No Film School: I spoke with your production designer, Kalina Ivanov. She told me that you all were thinking about Scarface and French Connection, New York in the ’80s. From your perspective as a costume designer, what did that look like in your process?
Helen Huang: They did make a lot of references to French Connection and Scarface. Klute was in there. For me, when they talk about these movies as a reference, I tend to think of a timelessness involved in the world, which is something that we tried very, very hard to achieve.
That time in New York, in New York’s history, has a very grounded, grittier texture to it. And then, with this IP coming off Matt [Reeves]’ movie, it’s grounded but still very stylized. I feel like that balance was always in the forefront of my mind, trying to achieve that balance.
And then the other thing was making the image—between Kalina’s production design, the cinematography, and then costumes—making the image emotional.
I started with that approach. I looked at a lot of 1980s New York street photography, a lot of pictures of people on the street, on the subways, to get a feel and understanding for what a timeless look is. It does help with the emotional quality that [the story] does hit fall/winter. It leans into that. I feel like that always gives the visual quality something very special that you don’t get with costume with summer dressing.
So we looked at a lot of images of that, and I have some very specific images of how each section of Gotham looked. For example, with the Falcones, we didn’t want them to feel like 1990s crime bosses. I really wanted to feel this idea of an institution, the crime institution. I leaned very heavily on European aesthetics and images for the family.

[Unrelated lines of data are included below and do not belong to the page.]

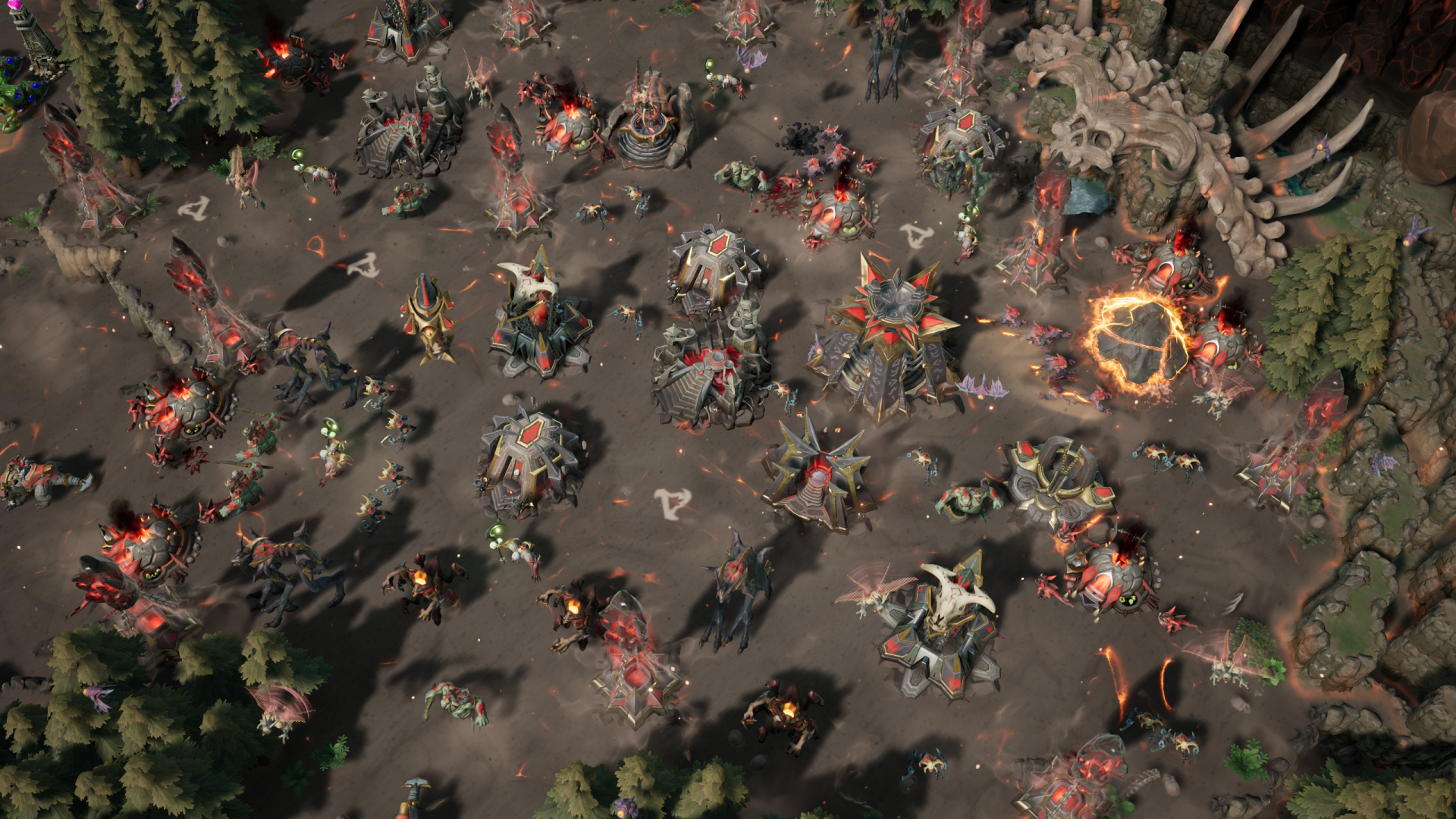 An HD desktop wallpaper featuring an intricately designed battlefield from the video game Stormgate, showcasing various structures and a dynamic, strategic environment.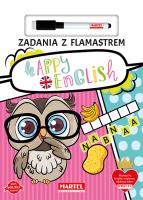 Happy English. Zadania z flamastrem. Autor: Katarzyna Salamon. SmakLiter.pl Okładka książki Happy English. Zadania z flamastrem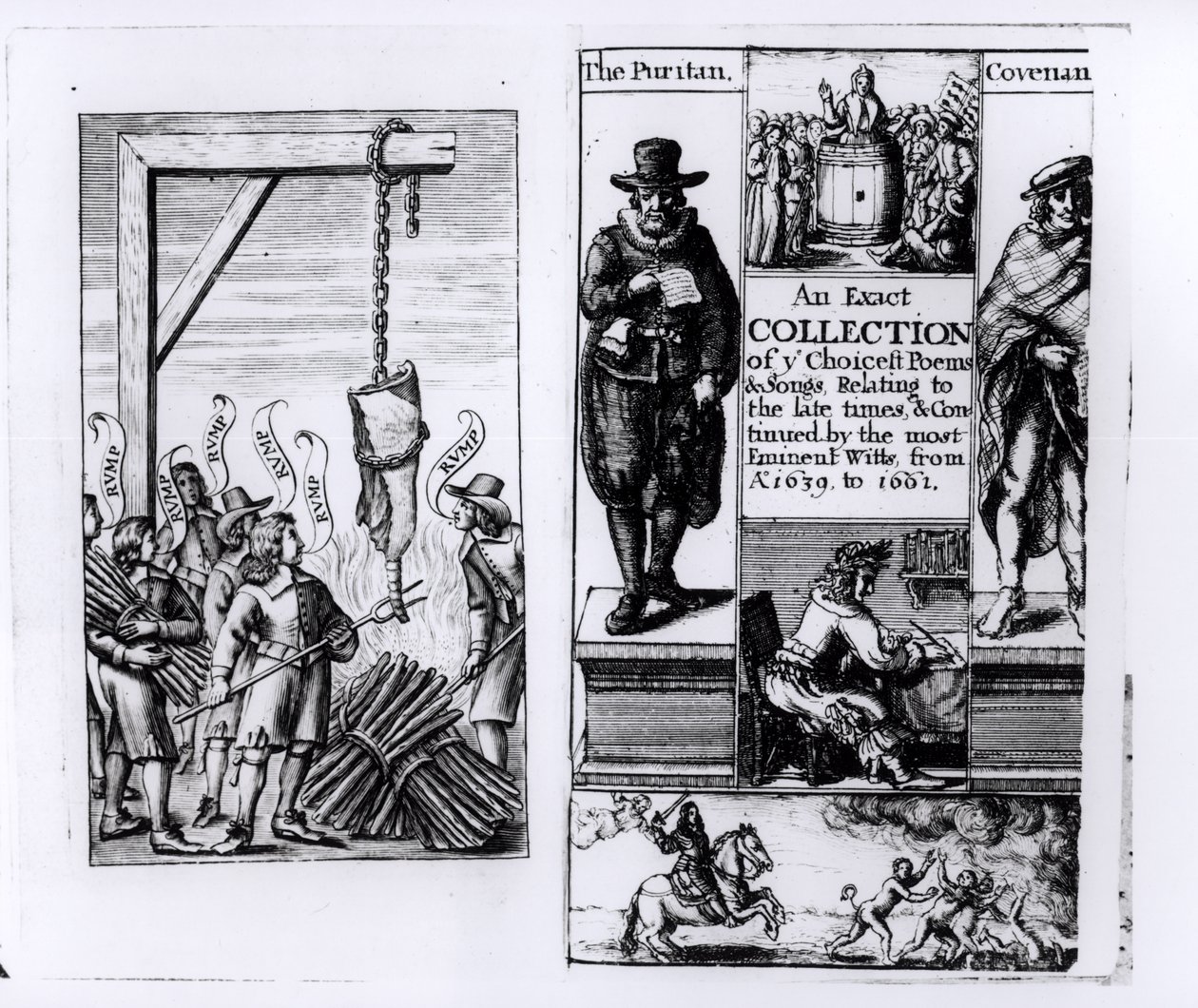 Frontispice til en nøjagtig samling af udsøgte digte og sange fra 1639-1661 af English School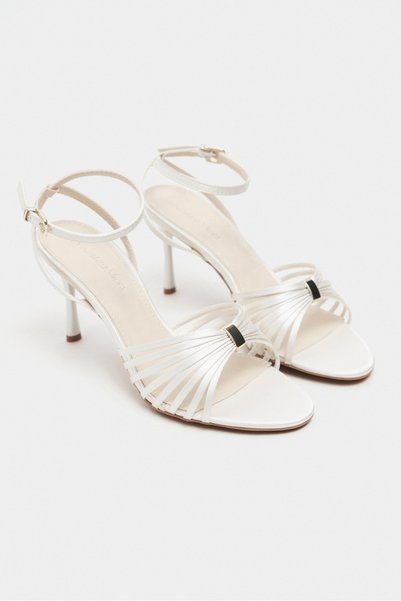 NİŞANTAŞI SHOES Zaria Satin Open Toe Detailed Caged Women's Heeled Sandals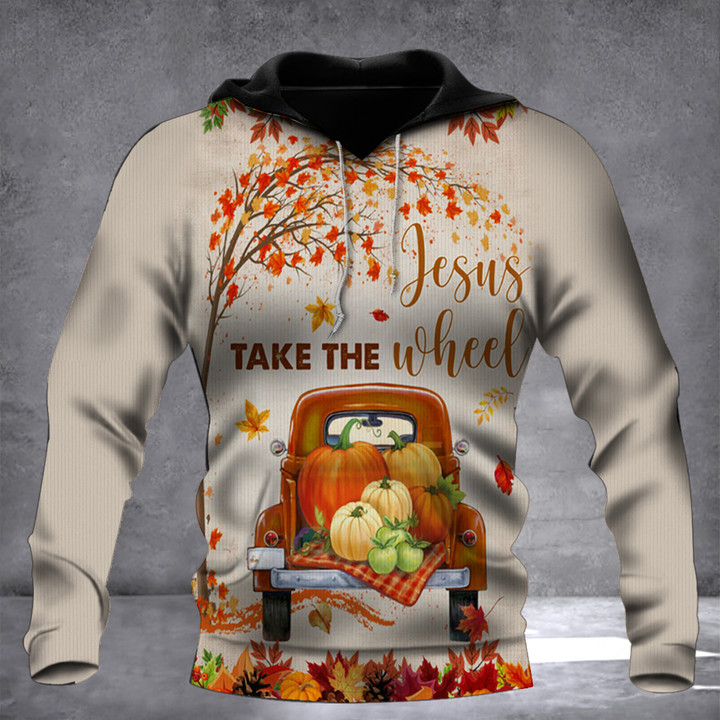Jesus Take The Wheel Hoodie Pumpkin In Car Autumn Hoodie Best Christian Dad Gifts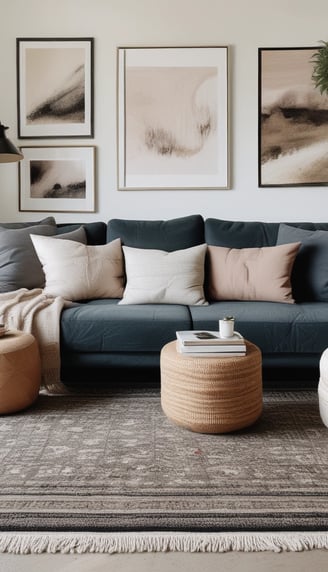 a couch with pillows and pillows on a rug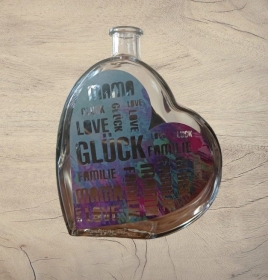 Beleuchtete Herz-Glasflasche mit Design Vinyl Folie Marakesh blau - Handarbeit kaufen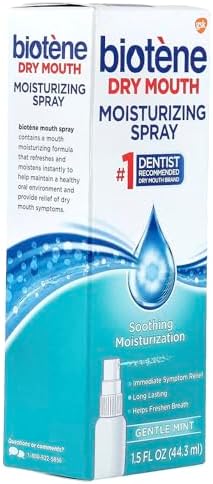 Biotene moisturizing spray label highlighting alcohol-free and sugar-free features.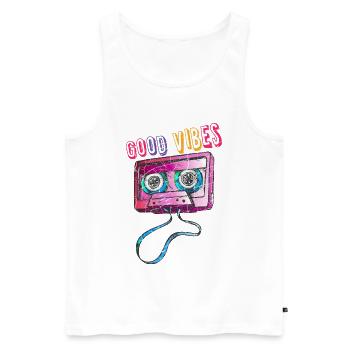 Retro Vintage Mixtape Kassette Kassette 80's 90's Kosten - Männer Premium Bio Tank Top - Weiß - Vorne - Michal (187cm)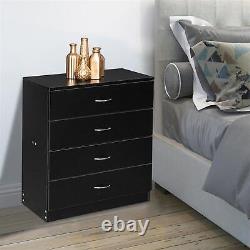 Set Of 2 Dressers Chest of 4 Drawers Black Finish Bedroom Storage Furniture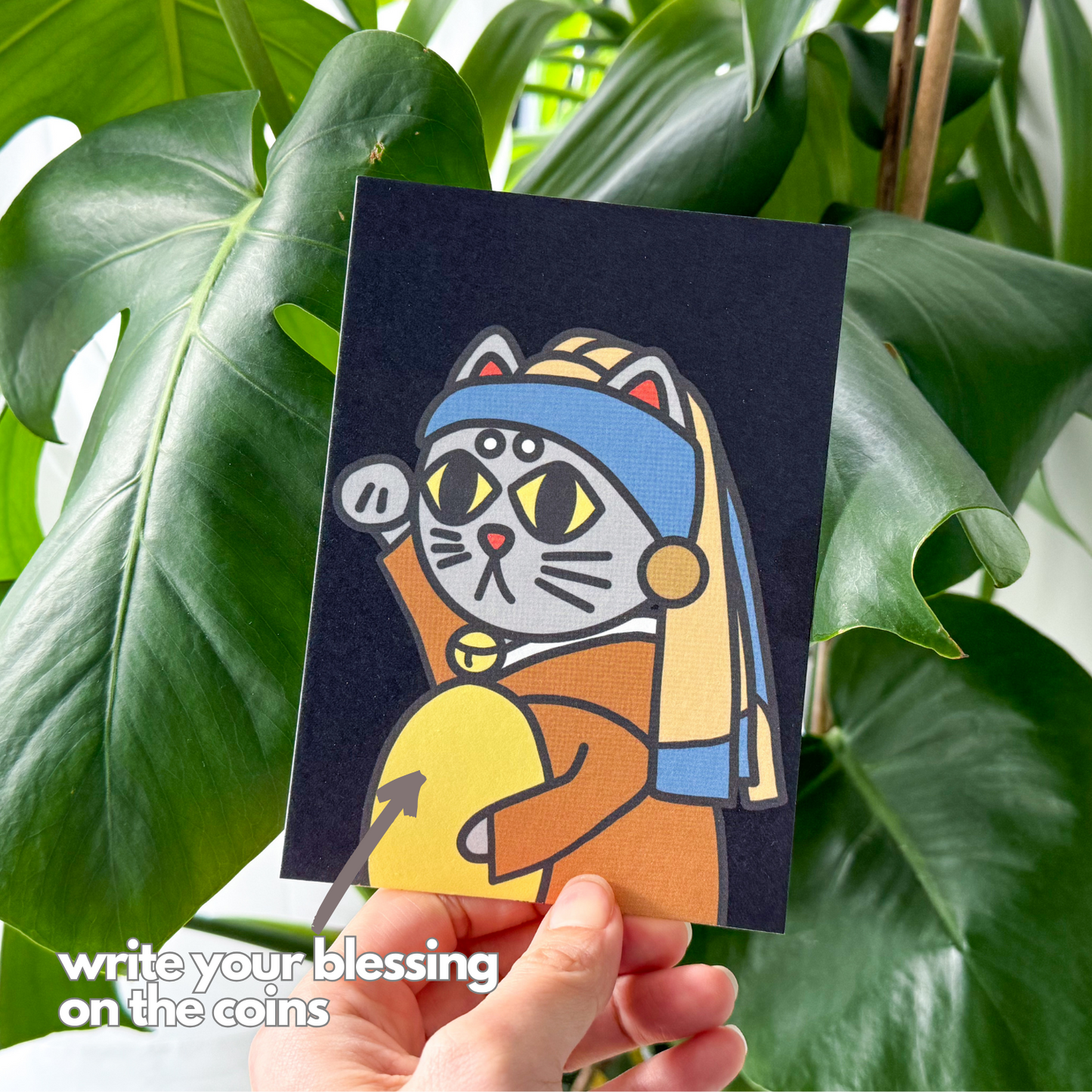 Blessing cat with a Pearl Earring | Original Design A6 Prints Blessing Card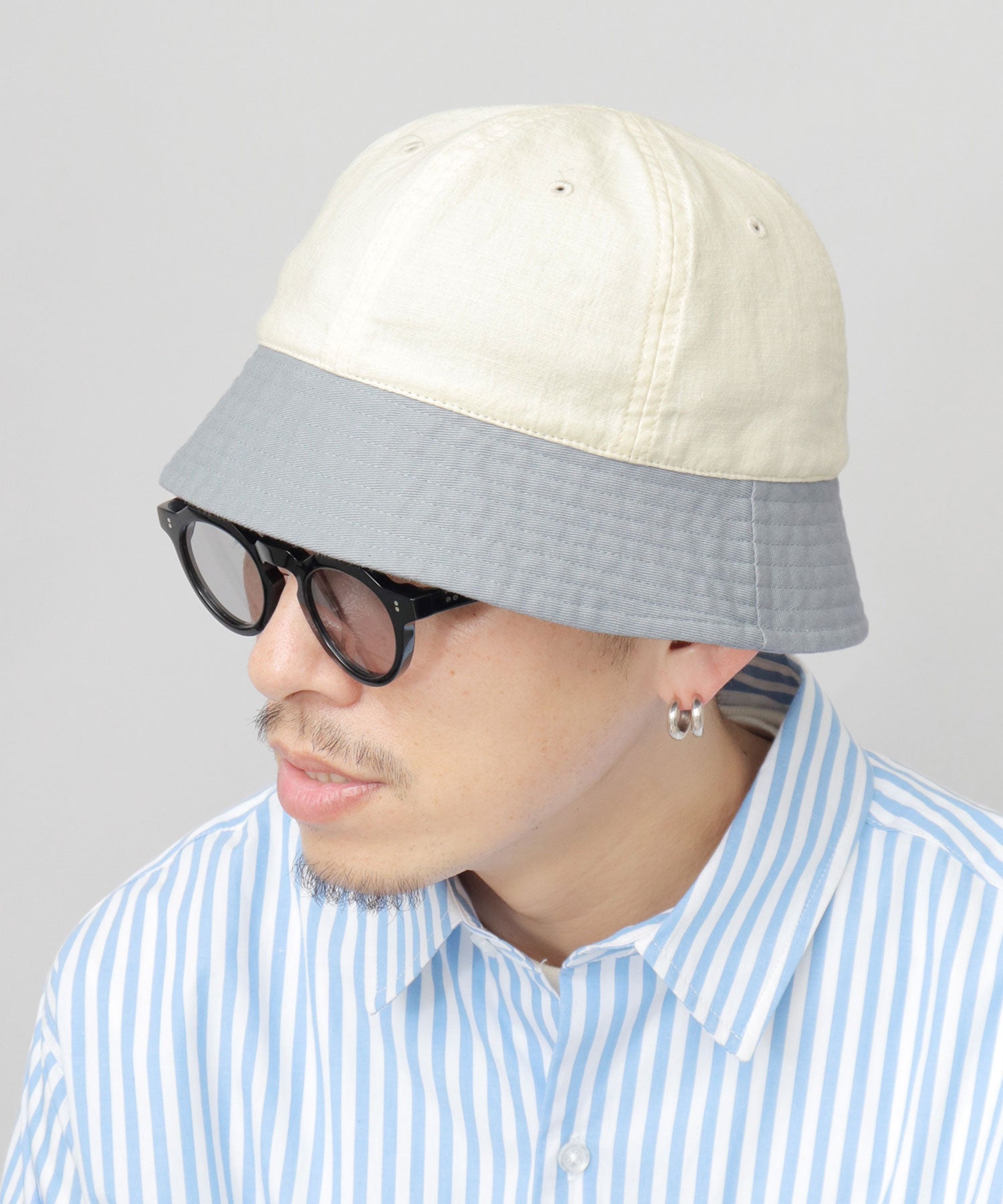 Basic Enchi Basiquenti Metro Hat Men's Crew Hat 2-Tone Bucket Hat Plain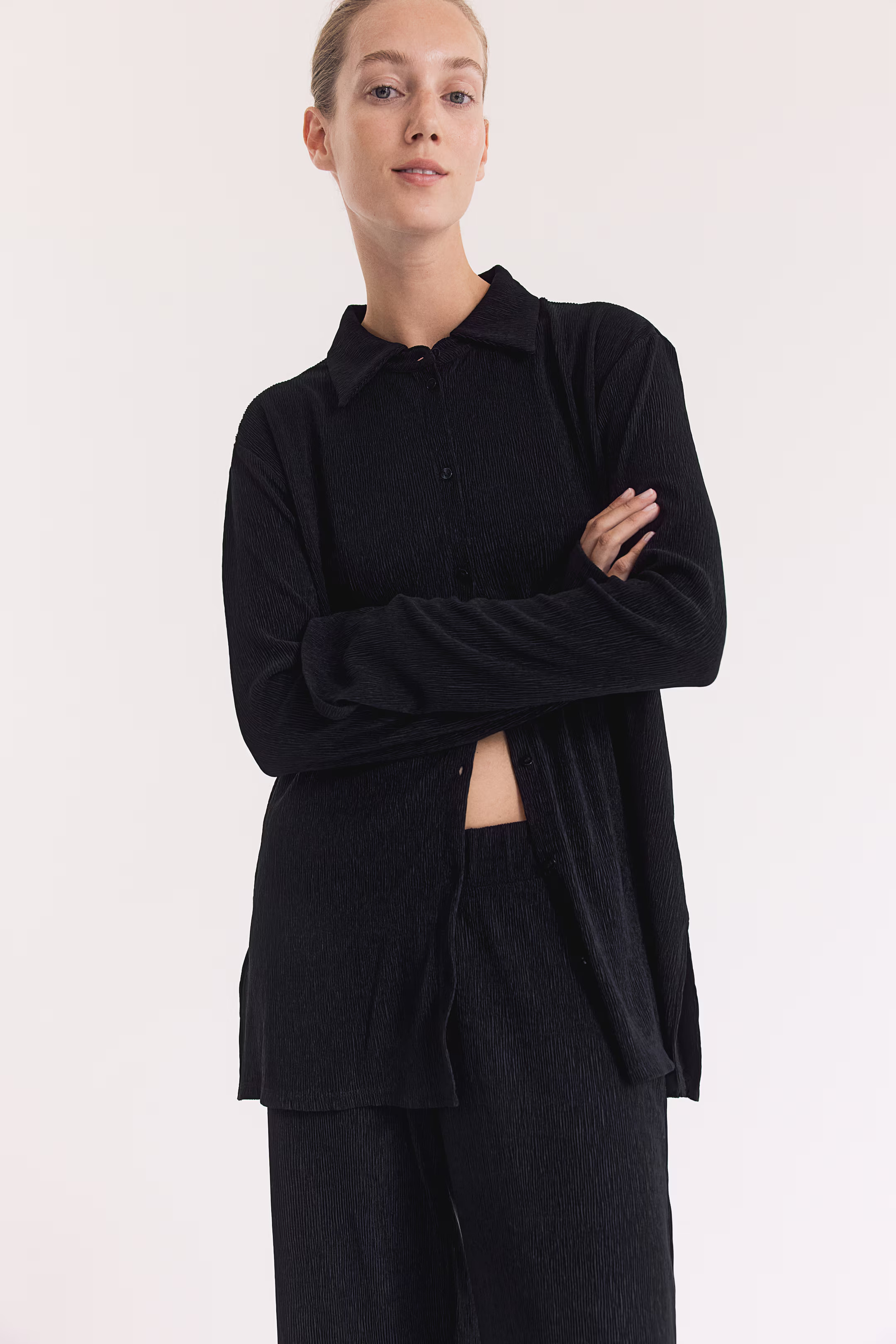MAMA Before & After Textured Jersey Set - Black - Ladies | H&M US | H&M (US + CA)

So you get to feel this contrast between them, a crime institution, and then Oz, who’s coming in, that’s very new money. It’s just to really focus in on what references are eternal references that audiences have in their minds. They think back to older movies, things that they’ve read, photography that they’ve seen. So it does not feel like, for the costumes, that people just went to Bloomingdale’s and shopped for their clothes. It’s very much about capturing a history and a depth to the project.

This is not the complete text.